Die pakistanische Polizei hat dich an die Amerikaner verkauft. Es ist kurz nach 9/11 und die USA haben den Pakistani € 5.000 für deinen Skalp gezahlt. Die Amerikaner habe dich weit weggebracht - nach Guantanamo Bay auf Kuba.

Dort teilt man dir mit, dass dein Name auf Listen steht, auf denen Personen drauf sind, die Terroristen sind und dass zwei saudische Terroristen deine Telefonnummer haben. Diese Tatsachen, sowie der Umstand, dass du eine Casio Uhr trägst, beweisen, dass du selbst auch ein Terrorist bist. Eine konkrete Verwicklung in terroristische Aktionen wirft man dir allerdings nicht vor.
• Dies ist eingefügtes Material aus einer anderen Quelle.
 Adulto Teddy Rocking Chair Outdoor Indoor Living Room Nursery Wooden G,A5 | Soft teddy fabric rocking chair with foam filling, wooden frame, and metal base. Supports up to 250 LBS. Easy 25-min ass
Dafür wissen die Amerikaner aber, dass du bereits 1999 Mitglied einer Al-Qaida-Zelle in London warst. Das erstaunt dich doch einigermaßen, denn 1999 warst du 12 Jahre alt und hast in Medina Gebetsmatten verkauft.

In der folgenden Zeit wirst du noch oft "befragt". Dabei denkt man sich, wie du später zu berichten weißt, immer wieder neue, originelle Verhörmethoden aus. Die amerikanischen Beamten hindern dich daran zu schlafen, drücken ihre Zigaretten auf deiner Haut aus, überschütten dich mit eiskaltem Wasser, hängen dich stundenlang mit den Armen an der Decke auf, fuchteln mit einer Schere vor deinem nackten Körper herum und drohen, dich damit zu kastrieren. Später wird dein Rechtsanwalt auch publik machen, dass man mit ähnlichem Nachdruck versucht hat, dich davon zu überzeugen, auszusagen, dein Rechtsanwalt habe andere Gefangene dazu überredet, Selbstmord zu begehen (der Lagerkommandant hat in diesem Zusammenhang davon gesprochen, die Selbstmorde stellten eine Form von "asymmetrischer Kriegsführung" dar - also von Terrorismus).
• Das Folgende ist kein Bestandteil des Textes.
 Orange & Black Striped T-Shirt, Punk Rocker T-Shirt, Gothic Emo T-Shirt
Diese Zeit in Guantanamo dauert sieben Jahre. Am 14.1.2009, du bist mittlerweile 21 Jahre alt, stellt der für den Gerichtsbezirk District of Columbia zuständige Bezirksrichter Richard Leon fest, dass es für deine Festhaltung in Guantanamo keine ausreichenden Beweise gibt. Er ordnet deine Entlassung an. Du bist sieben Jahre, die größte Zeit als Minderjähriger, unter menschenunwürdigen Umständen in einem Gefangenenlager für ein Verbrechen eingesessen, das man dir nie nachweisen konnte. Diejenigen, die dich in dieser Zeit misshandelt und gefoltert haben, haben freilich nur ihre Pflicht getan.

Am 11.6.2009 verfrachtet man dich in einen Militärflieger mit Kurs auf N´Djamena, der Hauptstadt des Tschad.

Dort sitzt du mittlerweile in Administrativverwahrung. Die tschadischen Behörden sprechen von einer Formalität.


Quellen: Amnesty International, der Eintrag auf der englischsprachigen Wikipedia mit zahlreichen weiterführenden Quellenverweisen und das Guantanamo Docket der New York Times.